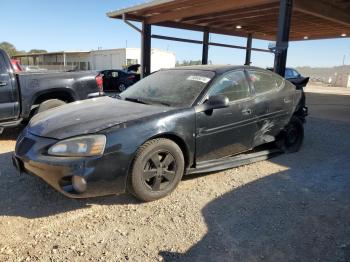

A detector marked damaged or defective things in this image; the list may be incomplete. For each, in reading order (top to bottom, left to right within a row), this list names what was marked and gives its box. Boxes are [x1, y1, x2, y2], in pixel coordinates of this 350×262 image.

damaged black coupe [13, 65, 306, 201]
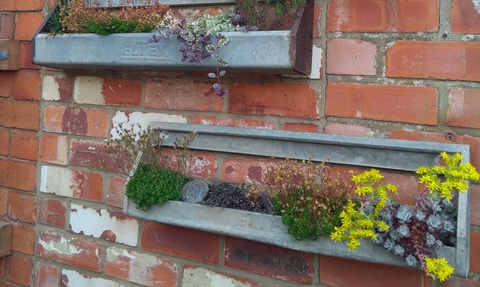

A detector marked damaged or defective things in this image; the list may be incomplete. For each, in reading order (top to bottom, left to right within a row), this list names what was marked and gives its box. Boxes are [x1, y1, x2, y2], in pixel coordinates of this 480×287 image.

peeling white paint on brick [42, 75, 60, 101]
peeling white paint on brick [74, 76, 106, 106]
peeling white paint on brick [111, 111, 187, 140]
peeling white paint on brick [39, 166, 74, 198]
peeling white paint on brick [70, 204, 140, 246]
peeling white paint on brick [61, 270, 124, 287]
peeling white paint on brick [181, 268, 255, 287]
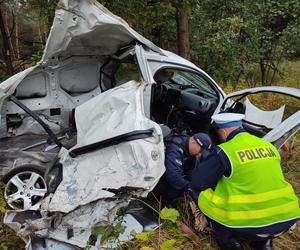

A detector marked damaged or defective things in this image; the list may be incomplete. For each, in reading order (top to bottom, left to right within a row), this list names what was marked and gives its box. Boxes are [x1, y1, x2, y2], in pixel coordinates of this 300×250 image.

crumpled hood [40, 0, 163, 63]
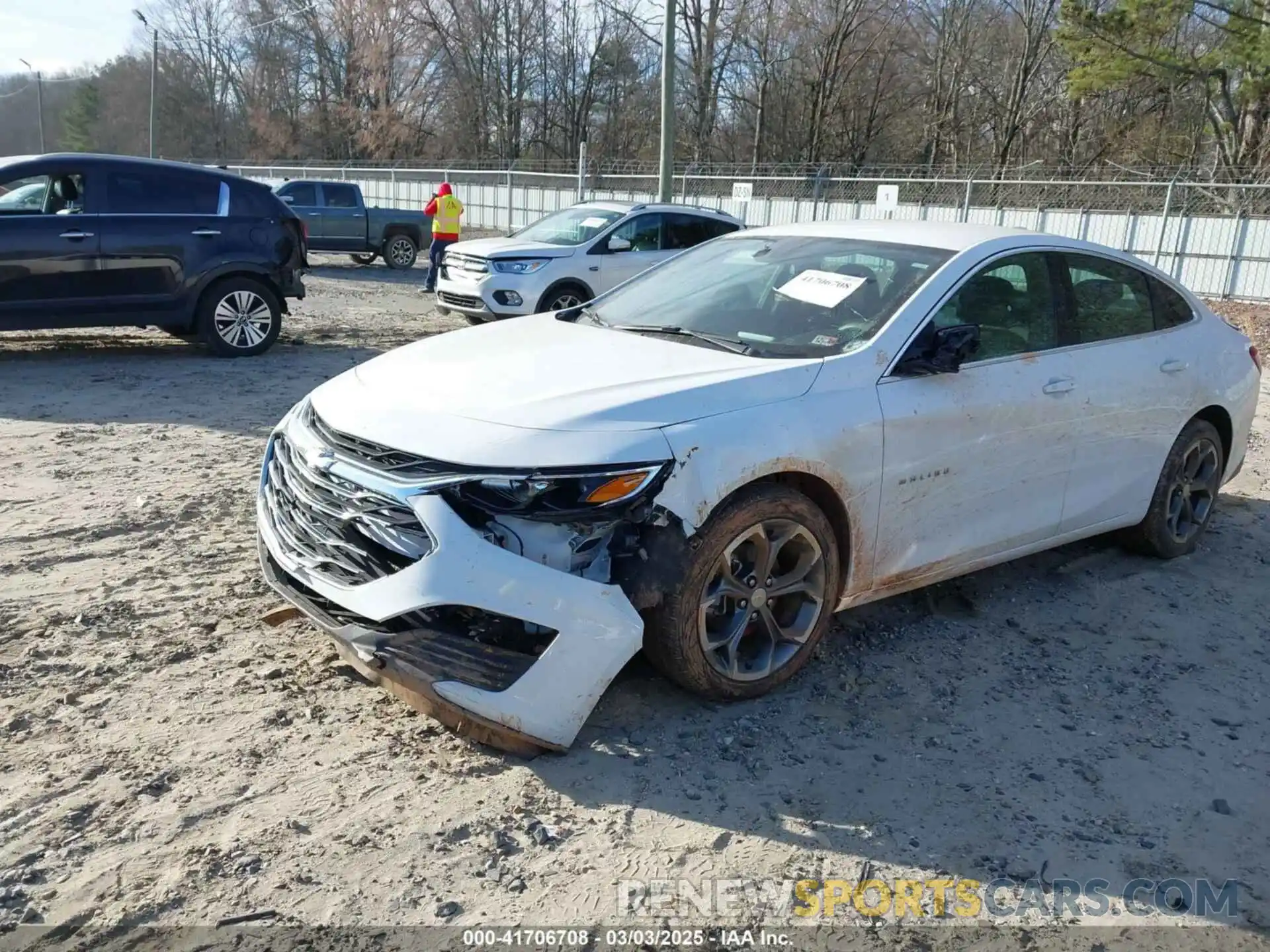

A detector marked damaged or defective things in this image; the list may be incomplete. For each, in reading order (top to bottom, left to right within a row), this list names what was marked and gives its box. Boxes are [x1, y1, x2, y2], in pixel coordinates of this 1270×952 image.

crumpled front bumper [257, 410, 646, 751]
broken headlight assembly [450, 463, 669, 521]
damaged white sedan [255, 221, 1259, 751]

**Task:** Since the listing holds pictures, return everything else in it exactly and omit those.

**The completed task:**
A detector marked damaged or defective things in this image; the list may be incomplete. For each, in reading order (top to bottom, left to right within a row), this list names what was marked and gives its box. Boxes are [x1, y1, x2, y2], in pixel coordinates of this 350×262 image.

damaged black coupe [13, 65, 306, 201]

A detector marked damaged or defective things in this image; the list may be incomplete. For each, in reading order (top to bottom, left to right within a row), this list names what was marked and gives its box. Boxes are [x1, y1, x2, y2], in pixel coordinates of this 480×287 image.

peeling white paint on brick [42, 75, 60, 101]
peeling white paint on brick [74, 76, 106, 106]
peeling white paint on brick [111, 111, 187, 140]
peeling white paint on brick [39, 166, 74, 198]
peeling white paint on brick [70, 204, 140, 246]
peeling white paint on brick [61, 270, 124, 287]
peeling white paint on brick [181, 268, 255, 287]

A detector marked damaged or defective things in this image; the list may be incomplete. For each, in reading order (top to bottom, left to right within a row), this list names what was marked and gives its box. Boxes are [x1, y1, x2, y2], in pixel coordinates of this 300×250 image.

crumpled hood [40, 0, 163, 63]

A detector marked damaged or defective things in this image; the list may be incomplete. For each, in reading order (top to bottom, left to right within a row), this list names what was marked and gives its box. Boxes are [x1, y1, x2, y2], in pixel coordinates of this 1270×952 image.

crumpled front bumper [257, 410, 646, 751]
broken headlight assembly [450, 463, 669, 521]
damaged white sedan [255, 221, 1259, 751]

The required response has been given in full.